Mark is a single, gay Cuban-American living in New York—a city some say is the toughest place in America to be single. After a few false starts, he’s finally ready to go out and meet the guy of his dreams. But, first, he’d like a little bit of friendly help from Guanabee. We’ll send him to a gym, give him some style tips, get him a new outfit and turn him into Prince Charming by Valentine’s Day. So join Associate Editor Alex Alvarez as she and Guanabee help Mark get a new look, a new perspective and, hopefully, a hot new Argentine boyfriend. Because everyone could use a Marcover now and again. Your life depends on it. No pressure, though.
So what to do about Mark? I’ve decided that my main goal in forcing gently prodding him to do this whole “Marcover” is to help him be happy. So, in order to cultivate some sort of lasting happiness, one must move beyond the superficial. Thus, it’s more important for him to be healthy, diet and exercise-wise, than to look any particular way, right?
Hahaha. Yeah. I couldn’t even type that with a straight face.
As a good mediocre tolerable friend, I should really look out for Mark and make sure he eats healthfully and maintains a good exercise regimen. So that’s just what I’ll do. Next step: Get Mark fit. We checked in on him while he was preparing for the gym, looking cute and vulnerable. Look, Mark can tie his shoes! Cutely and vulnerably.
Mark went to the gym and milled some tread (treaded some mill?) while watching trashy TV. I helped by eating powdered sugar Pop’ems and declaring they go straight to your thighs. Then I took a nap, to show how laziness gets you nowhere. Then, I combed the internets for a festive buddy icon while Mark showered and got ready for dinner:
Then, we danced to German pop songs, because that burns calories and also we weren’t drunk. Not too drunk.
Well, it looks like Phase 1 of the Marcover is a-go. He’s working out regularly, eating healthy food and trying to stay away from burritos. Good job, Mark. You’ll be bouncing quarters off your ass in no time, my friend.

haha. eightball.
you better get the trainer mark! your exploits/exploitation make my day seem shorter!
Posted by no_guey! | December 20, 2007
why marcover? shouldn’t it be markover?
Posted by JAV!ER | December 20, 2007
@ JAV!ER: ‘Cuz his commenter name is “Marco.” See?
Posted by ...dijo Alex | December 20, 2007
@ JAV!ER: duh, newbie. ;)
Posted by ella | December 20, 2007
He doesn’t need a Marcover.
Marc, mijo.
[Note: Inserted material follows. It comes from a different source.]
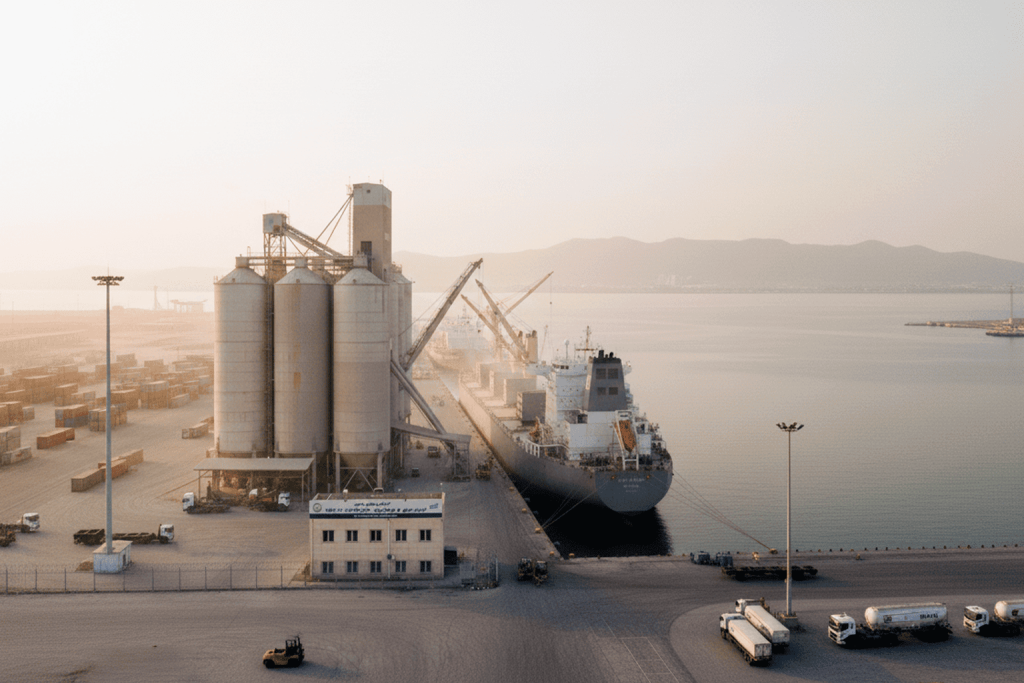 Maritime transport of cement: A cement carrier bulk ship is at a port. Cement silos and cement bunkers are available in the port districts.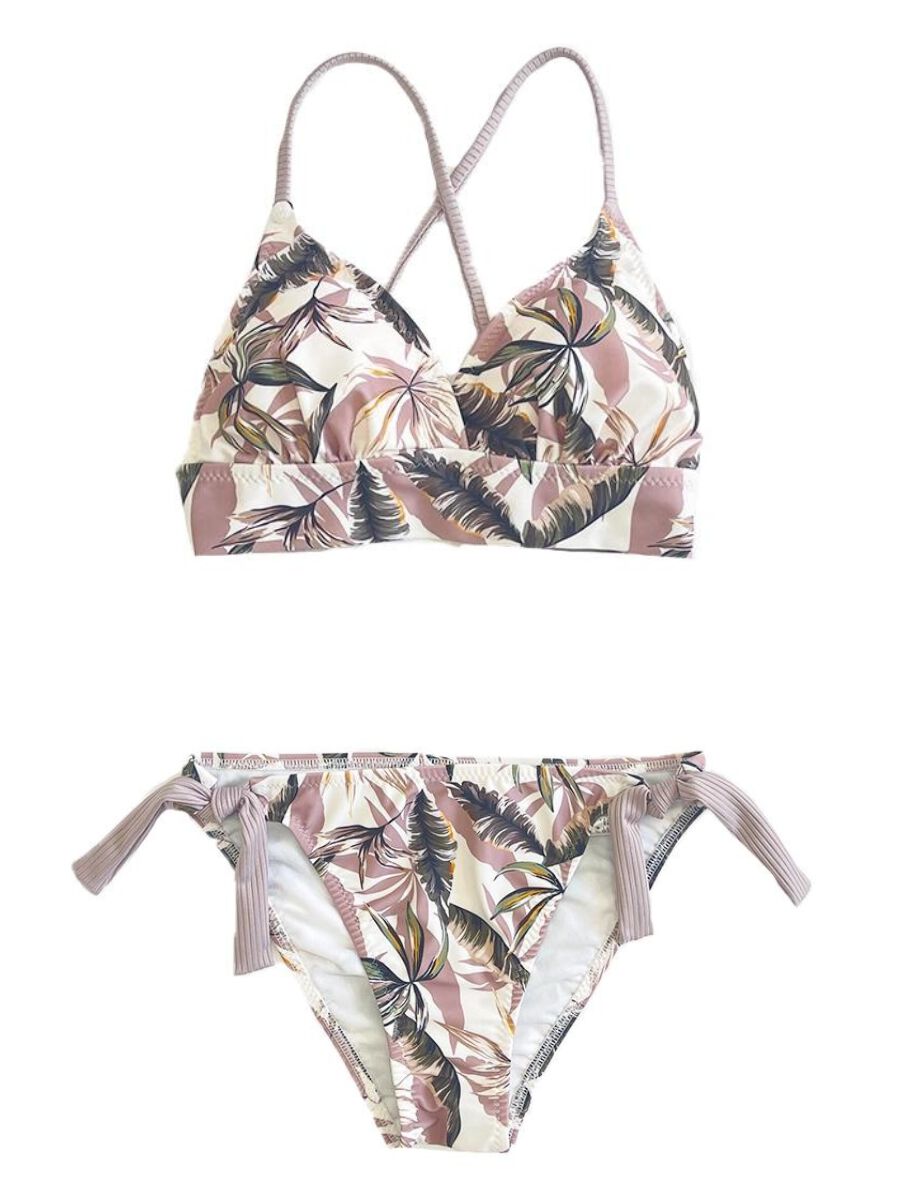 PEAK&PINE「ヴィンテージリーフ柄ショルダー三角ビキニ」|ビキニ|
Listen. There are places that cater to menz who will totes dig you.
Go to the Boots and Saddles, Ty’s or Dugout. All of these fine establishments are on Christopher St.
Its a good place for a nice cub to find some man-bear action.
As someone who is in a long term fag/hag relationship, listen to what I say.
Trust.
Posted by Janie A Go-Go | December 20, 2007
Ay, Alex. Now that I know our AIM conversations might be made public, I’m going to have performance anxiety.
@Janie. Thanks dollface. This is for me too, trust me. Daddy is a princess and doesn’t do anything he doesn’t want to. And I don’t think I’m hairy enough to be a bear….
Posted by Marco | December 20, 2007
@ Marco. Grasshopper, you won’t know about the hair requisites if you don’t venture out to the cave.
Mai gheys swear that entering those places is like finding the Holy Grail.
I recommend a recognizance trip to the Dugout, for research purposes of course.
Posted by Janie A Go-Go | December 20, 2007
@Janie: i really heart you.
@Marco: not to negate Janie’s suggestions, but venturing into the heart of darkness known as the bear community (which i call ‘the dumpster’) can be scary at best. many are super nice but most of them have so much baggage it’s like lost and found at la guardia. tread carefully, bring snacks and snark. and lots of beer money.
Posted by el smrtmnky | December 20, 2007
@ella: thanks ruca, alex answered the question
Posted by JAV!ER | December 20, 2007
Before I let y’all indulge on the Bearhaterade, I was just informed by mai ghey that the term for Marc would be “beaver”
that’s right. “Beaver”
@ el smrtmnky. Totes love you too chickidee, but in defense of “dumpster diving”, let me just say that baggage is everywhere in the dating scene, and like the lost and found at LaGuardia, some of its baggage is small carry ons, some are full sets of luggage, some are trunks, and some are boxes whose contents were spilled during travel. In any case, when we pick partners, we pick how much baggage we can handle.
Posted by Janie A Go-Go | December 21, 2007
If that involves me being what frat boys are on an eternal quest for achieving, well, heeey! Let the games begin!
Posted by Marco | December 21, 2007
a ‘beaver,’ eh? thought more ‘otterish’ to me. but don’t forget to put that brown hankie in the right jean pocket.